Гершель с энтузиазмом откликнулся на «Принципы» Лайеля, хотя на первый взгляд кажется невероятным, чтобы этот труд имел хоть какое-нибудь отношение к философии Гершеля. Скорее наоборот, ибо как бы кто высоко ни ценил теории Лайеля и как бы ни был согласен с тем, что тот в своих «Принципах» излагает вполне обдуманную, замысловатую, сложную, но вполне успешную стратегию (Радвик, 1969), ничего гипотетико-дедуктивного в том, что создал Лайель, не было и нет. Однако Гершель с большой похвалой отозвался о теориях Лайеля, и в этом нет ничего странного, ибо его энтузиазм был лишь одним из функциональных элементов его собственной философии. В частности, тот факт, что Гершель весьма благосклонно отнесся к «Принципам», следует хотя бы из его трактовки vera causa. (См. Каваловски, 1974. В письме к Лайелю, написанному в 1836 году, Гершель очень тепло отозвался о «Принципах»; см. Кэннон, 1961a.)
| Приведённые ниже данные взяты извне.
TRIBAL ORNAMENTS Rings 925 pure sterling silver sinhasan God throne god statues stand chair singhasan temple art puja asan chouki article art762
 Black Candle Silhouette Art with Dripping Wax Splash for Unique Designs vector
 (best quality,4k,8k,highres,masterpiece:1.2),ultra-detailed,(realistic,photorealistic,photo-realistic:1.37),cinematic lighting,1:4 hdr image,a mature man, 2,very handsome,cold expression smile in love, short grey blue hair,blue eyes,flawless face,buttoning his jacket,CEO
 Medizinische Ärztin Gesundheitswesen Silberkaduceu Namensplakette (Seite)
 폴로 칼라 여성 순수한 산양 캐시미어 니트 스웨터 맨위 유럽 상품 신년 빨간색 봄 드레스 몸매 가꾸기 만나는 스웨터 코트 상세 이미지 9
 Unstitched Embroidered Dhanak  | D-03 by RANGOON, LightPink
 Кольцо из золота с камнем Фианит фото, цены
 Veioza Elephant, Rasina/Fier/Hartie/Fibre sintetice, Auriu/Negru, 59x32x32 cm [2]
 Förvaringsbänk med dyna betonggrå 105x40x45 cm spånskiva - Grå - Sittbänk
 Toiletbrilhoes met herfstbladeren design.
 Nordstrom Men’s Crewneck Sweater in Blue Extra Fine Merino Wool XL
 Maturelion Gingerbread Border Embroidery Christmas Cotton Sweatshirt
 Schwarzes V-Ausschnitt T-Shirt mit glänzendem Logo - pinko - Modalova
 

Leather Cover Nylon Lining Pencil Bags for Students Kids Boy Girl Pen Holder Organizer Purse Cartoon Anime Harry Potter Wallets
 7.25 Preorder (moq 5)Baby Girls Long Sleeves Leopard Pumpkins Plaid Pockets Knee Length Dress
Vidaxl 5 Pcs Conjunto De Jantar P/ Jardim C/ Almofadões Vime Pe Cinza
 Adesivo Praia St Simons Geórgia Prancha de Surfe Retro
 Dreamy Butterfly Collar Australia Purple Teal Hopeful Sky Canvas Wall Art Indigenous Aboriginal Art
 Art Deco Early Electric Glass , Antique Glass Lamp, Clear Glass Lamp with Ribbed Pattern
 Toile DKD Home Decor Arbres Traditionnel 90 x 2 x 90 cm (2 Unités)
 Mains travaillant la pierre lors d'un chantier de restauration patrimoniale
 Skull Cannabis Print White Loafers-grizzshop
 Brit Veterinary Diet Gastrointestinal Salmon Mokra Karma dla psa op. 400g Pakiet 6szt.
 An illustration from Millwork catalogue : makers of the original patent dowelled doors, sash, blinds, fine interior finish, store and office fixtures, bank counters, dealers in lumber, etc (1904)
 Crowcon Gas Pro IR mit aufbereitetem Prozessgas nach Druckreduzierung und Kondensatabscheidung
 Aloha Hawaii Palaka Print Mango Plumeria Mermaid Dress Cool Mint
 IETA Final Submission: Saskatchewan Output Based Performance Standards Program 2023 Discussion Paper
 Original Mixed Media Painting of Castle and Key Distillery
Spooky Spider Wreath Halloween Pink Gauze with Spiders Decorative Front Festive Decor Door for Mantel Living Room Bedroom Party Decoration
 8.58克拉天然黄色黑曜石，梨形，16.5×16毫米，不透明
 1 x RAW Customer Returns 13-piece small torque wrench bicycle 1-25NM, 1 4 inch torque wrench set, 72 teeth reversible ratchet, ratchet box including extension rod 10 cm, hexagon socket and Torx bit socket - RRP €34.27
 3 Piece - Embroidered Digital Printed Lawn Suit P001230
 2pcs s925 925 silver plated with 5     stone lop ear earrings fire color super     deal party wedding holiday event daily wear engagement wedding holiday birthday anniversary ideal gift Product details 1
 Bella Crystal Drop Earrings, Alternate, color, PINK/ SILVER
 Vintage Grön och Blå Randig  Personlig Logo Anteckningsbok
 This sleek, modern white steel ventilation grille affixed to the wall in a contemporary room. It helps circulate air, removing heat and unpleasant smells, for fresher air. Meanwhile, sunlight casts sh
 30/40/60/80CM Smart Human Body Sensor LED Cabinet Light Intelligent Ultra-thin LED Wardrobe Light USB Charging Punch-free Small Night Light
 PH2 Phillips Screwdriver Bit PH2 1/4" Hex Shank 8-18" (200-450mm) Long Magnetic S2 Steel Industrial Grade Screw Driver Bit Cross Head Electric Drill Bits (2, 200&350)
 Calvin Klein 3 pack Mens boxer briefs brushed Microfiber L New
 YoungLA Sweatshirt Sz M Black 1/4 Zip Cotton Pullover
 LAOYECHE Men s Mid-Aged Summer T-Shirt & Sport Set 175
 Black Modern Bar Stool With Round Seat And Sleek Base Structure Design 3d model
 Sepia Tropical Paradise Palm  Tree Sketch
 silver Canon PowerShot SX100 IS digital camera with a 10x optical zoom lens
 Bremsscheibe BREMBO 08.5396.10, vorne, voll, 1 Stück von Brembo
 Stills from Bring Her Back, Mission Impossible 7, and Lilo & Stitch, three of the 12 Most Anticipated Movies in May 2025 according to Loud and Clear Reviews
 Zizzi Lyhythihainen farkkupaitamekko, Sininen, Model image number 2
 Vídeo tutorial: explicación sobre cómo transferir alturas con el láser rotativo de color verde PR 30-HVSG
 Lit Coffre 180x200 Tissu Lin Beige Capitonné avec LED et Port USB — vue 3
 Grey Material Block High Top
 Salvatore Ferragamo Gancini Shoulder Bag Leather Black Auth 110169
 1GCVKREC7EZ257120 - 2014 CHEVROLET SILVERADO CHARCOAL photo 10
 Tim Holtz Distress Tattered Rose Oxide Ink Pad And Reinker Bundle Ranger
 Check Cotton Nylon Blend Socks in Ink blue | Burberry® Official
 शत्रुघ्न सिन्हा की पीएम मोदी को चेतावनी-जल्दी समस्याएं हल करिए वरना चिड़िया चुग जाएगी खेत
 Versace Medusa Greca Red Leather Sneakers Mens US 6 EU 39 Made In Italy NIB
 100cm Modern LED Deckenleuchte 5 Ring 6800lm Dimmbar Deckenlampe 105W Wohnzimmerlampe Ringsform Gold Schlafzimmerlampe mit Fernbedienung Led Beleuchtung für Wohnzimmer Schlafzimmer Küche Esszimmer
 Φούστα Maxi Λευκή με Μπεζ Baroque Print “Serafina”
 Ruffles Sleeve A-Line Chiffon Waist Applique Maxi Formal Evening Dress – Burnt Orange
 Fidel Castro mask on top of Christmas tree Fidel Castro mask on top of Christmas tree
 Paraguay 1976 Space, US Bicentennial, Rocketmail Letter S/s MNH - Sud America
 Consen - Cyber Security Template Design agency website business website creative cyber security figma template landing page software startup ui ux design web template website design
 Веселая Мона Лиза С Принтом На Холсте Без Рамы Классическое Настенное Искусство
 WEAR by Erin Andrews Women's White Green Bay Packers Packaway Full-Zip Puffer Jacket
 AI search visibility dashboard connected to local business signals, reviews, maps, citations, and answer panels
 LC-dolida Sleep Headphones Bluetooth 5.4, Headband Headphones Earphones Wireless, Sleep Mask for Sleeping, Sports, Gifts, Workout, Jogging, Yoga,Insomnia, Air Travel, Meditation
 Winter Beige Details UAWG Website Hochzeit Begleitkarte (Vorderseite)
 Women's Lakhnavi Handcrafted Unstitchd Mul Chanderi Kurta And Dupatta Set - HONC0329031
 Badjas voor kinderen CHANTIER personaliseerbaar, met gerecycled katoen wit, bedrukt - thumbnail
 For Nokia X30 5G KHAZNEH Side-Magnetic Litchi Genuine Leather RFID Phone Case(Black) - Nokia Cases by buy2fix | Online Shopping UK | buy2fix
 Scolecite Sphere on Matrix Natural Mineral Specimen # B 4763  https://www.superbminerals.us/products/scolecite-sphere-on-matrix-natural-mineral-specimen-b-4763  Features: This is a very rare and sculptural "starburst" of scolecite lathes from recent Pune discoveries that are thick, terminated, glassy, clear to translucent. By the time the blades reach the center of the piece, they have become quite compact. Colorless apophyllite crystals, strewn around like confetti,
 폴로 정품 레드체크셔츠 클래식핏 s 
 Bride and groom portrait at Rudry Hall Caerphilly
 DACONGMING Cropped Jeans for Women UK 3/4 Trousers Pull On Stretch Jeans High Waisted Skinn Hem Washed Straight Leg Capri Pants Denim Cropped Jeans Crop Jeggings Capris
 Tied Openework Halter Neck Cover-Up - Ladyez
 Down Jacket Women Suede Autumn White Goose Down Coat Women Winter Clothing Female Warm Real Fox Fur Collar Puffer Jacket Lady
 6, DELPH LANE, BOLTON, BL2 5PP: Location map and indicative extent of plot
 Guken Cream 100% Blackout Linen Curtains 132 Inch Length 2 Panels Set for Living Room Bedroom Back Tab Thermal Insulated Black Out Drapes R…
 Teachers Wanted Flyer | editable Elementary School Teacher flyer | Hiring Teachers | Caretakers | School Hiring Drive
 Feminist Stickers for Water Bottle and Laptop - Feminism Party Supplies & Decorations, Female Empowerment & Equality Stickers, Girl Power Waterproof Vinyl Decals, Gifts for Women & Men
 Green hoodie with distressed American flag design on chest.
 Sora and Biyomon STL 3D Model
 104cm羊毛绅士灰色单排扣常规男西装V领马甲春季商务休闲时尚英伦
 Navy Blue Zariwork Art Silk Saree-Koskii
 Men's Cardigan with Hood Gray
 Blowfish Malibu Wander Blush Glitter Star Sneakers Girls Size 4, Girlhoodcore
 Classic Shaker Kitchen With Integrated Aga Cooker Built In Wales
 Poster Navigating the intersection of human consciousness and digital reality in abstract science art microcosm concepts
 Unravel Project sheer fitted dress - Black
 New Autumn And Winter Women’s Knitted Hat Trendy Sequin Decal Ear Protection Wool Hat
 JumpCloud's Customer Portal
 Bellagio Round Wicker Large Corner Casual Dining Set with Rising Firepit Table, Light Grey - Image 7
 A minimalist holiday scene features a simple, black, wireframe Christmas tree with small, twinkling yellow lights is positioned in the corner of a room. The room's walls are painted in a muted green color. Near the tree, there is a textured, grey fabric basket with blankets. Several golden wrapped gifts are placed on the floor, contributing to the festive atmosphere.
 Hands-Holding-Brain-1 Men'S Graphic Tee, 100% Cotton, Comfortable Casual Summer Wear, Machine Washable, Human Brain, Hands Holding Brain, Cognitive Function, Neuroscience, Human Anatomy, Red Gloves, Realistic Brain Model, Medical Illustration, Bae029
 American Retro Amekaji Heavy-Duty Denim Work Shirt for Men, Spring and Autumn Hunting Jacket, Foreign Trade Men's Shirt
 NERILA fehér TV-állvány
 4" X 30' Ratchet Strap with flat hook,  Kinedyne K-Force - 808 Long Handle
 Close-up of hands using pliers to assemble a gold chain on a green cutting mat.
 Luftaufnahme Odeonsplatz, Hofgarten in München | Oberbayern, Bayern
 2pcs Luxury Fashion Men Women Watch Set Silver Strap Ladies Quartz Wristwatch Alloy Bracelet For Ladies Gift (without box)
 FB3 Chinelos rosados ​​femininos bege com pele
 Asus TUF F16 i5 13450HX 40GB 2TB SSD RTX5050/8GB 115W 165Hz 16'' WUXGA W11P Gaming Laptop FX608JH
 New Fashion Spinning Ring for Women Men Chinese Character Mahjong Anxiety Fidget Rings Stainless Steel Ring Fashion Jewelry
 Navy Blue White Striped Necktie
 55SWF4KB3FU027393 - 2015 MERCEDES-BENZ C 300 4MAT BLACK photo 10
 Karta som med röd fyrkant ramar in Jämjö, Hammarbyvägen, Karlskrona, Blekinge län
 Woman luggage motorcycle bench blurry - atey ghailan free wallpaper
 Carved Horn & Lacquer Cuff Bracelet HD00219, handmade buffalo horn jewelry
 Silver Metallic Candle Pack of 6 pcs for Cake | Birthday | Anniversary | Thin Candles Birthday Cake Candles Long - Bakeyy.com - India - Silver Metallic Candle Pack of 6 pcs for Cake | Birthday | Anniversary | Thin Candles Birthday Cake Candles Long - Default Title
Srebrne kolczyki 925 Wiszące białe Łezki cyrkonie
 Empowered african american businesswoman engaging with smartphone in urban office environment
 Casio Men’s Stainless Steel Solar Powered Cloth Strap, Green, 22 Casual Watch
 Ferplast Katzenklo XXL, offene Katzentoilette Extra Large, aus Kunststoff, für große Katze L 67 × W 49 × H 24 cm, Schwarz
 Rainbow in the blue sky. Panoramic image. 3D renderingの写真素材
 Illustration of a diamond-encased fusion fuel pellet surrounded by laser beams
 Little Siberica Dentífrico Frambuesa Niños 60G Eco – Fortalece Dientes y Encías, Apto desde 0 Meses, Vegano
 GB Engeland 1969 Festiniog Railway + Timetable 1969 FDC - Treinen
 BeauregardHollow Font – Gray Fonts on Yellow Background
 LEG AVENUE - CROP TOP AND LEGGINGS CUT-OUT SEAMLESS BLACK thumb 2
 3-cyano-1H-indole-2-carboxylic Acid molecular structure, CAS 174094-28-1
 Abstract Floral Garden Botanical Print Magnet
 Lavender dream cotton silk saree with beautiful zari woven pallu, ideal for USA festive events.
Вероятно, нам легче всего будет подкрепить это утверждение, обратившись к троякой цели, которую ставил перед собой Лайель. Во-первых, перед нами встает вопрос об актуализме, который, без сомнения, весьма привлекателен для Гершеля, ибо лайелевское стремление выказать себя актуалистом – это та же гершелевская тяга к отысканию verae causae, изложенная языком геологических понятий. Лайелианец стремится найти и практически применить в жизни причины уже им познанного – эмпирическую программу Гершеля. Более того, мы видим, что лайелевскую теорию климата, которая, безусловно, является актуалистической, поскольку она покоится на таких природных явлениях, как Гольфстрим, Гершель использовал в своей «Философии естествознания» как пример vera causa (1831, с. 146–147). Лайель и сам был счастлив примкнуть к этому движению, ибо он сказал (причем подчеркнуто, видимо, имея в виду Уэвелла), что «многократное повторение небольших конвульсий и изменений – это и есть, смею утверждать, vera causa, та сила и тот образ действий, которые, как нам известно, являются истинными» (Лайель, 1881, 2:3).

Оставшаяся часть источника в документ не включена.